With the findings of this study, the authors intend to promote early nutritional interventions in all hospitalised patients with lung cancer, even with advanced disease, and sensitise all healthcare professionals to the relevance of this therapeutic approach [28,29,30]. More studies with larger populations are required to validate other benefits, such as mortality and prognosis impact [4,6].

5. Conclusions

Most patients hospitalised with LC exhibit an altered nutritional status.

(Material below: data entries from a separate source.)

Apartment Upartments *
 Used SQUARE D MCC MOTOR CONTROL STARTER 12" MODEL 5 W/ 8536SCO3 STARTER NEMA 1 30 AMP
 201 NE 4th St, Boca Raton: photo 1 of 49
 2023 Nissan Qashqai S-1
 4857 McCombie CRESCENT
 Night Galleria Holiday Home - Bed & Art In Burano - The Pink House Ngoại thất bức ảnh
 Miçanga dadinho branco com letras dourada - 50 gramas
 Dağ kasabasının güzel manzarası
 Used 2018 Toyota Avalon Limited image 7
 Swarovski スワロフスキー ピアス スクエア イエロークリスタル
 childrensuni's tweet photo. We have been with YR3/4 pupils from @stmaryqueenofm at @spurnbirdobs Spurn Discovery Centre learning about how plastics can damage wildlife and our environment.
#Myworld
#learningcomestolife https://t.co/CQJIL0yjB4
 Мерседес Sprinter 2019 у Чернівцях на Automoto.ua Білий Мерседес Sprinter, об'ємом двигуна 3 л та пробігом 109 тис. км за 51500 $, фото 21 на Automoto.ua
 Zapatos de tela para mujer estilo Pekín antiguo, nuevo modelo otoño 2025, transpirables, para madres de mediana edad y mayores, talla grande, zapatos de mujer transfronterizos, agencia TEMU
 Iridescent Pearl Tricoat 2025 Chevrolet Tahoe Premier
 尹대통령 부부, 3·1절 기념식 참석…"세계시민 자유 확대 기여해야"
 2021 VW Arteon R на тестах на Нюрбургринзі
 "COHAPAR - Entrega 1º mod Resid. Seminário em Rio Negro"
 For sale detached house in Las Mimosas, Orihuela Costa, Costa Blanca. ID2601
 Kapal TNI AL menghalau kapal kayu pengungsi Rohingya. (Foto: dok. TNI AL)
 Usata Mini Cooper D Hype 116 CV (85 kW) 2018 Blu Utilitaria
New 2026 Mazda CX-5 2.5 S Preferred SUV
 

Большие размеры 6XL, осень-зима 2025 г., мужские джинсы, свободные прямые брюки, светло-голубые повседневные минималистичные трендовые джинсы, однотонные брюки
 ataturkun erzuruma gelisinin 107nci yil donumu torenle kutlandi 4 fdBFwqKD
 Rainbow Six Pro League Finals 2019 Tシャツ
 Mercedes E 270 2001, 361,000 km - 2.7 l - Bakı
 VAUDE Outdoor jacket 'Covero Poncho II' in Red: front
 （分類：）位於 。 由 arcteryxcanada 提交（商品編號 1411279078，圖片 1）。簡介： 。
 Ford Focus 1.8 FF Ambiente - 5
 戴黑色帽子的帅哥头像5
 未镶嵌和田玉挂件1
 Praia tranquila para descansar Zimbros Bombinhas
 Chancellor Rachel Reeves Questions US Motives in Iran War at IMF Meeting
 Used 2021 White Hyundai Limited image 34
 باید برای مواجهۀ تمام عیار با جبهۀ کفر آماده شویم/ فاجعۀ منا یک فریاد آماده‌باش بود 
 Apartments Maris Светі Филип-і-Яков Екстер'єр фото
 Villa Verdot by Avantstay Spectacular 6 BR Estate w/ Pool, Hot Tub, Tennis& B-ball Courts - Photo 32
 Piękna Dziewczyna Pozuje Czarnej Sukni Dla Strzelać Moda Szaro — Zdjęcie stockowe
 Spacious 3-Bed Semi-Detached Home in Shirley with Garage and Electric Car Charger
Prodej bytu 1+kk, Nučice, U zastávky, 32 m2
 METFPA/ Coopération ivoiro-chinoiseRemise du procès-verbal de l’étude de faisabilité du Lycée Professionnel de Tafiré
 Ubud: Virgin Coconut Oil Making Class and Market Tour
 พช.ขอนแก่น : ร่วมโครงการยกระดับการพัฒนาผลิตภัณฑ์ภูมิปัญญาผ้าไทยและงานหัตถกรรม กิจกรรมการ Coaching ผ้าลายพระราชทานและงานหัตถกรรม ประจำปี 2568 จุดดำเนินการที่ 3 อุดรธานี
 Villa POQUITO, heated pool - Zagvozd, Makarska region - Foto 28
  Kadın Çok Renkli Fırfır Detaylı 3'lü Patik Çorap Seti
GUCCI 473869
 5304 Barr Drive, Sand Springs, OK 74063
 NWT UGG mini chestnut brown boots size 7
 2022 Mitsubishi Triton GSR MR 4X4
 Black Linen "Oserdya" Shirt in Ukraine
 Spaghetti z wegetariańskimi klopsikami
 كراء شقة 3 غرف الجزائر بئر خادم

Prompt nutritional screening using the NRS-2002 is strongly advised. If there is a risk of malnutrition, the patient should be swiftly referred to a clinical nutritionist for further assessment and nutritional therapy. In our study, the personalised nutritional intervention reduced the proportion of patients at nutritional risk, which is crucial for LC patients to mitigate the adverse effects of malnutrition in this population. Furthermore, based on our daily clinical experience, clinical nutritionists should be involved in tumour boards to provide nutritional support to lung cancer patients when necessary. Nutritional intervention should start with precise counselling and a personalised diet at the time of the diagnosis. However, more extensive studies are required to ascertain the prognostic impact of nutritional interventions.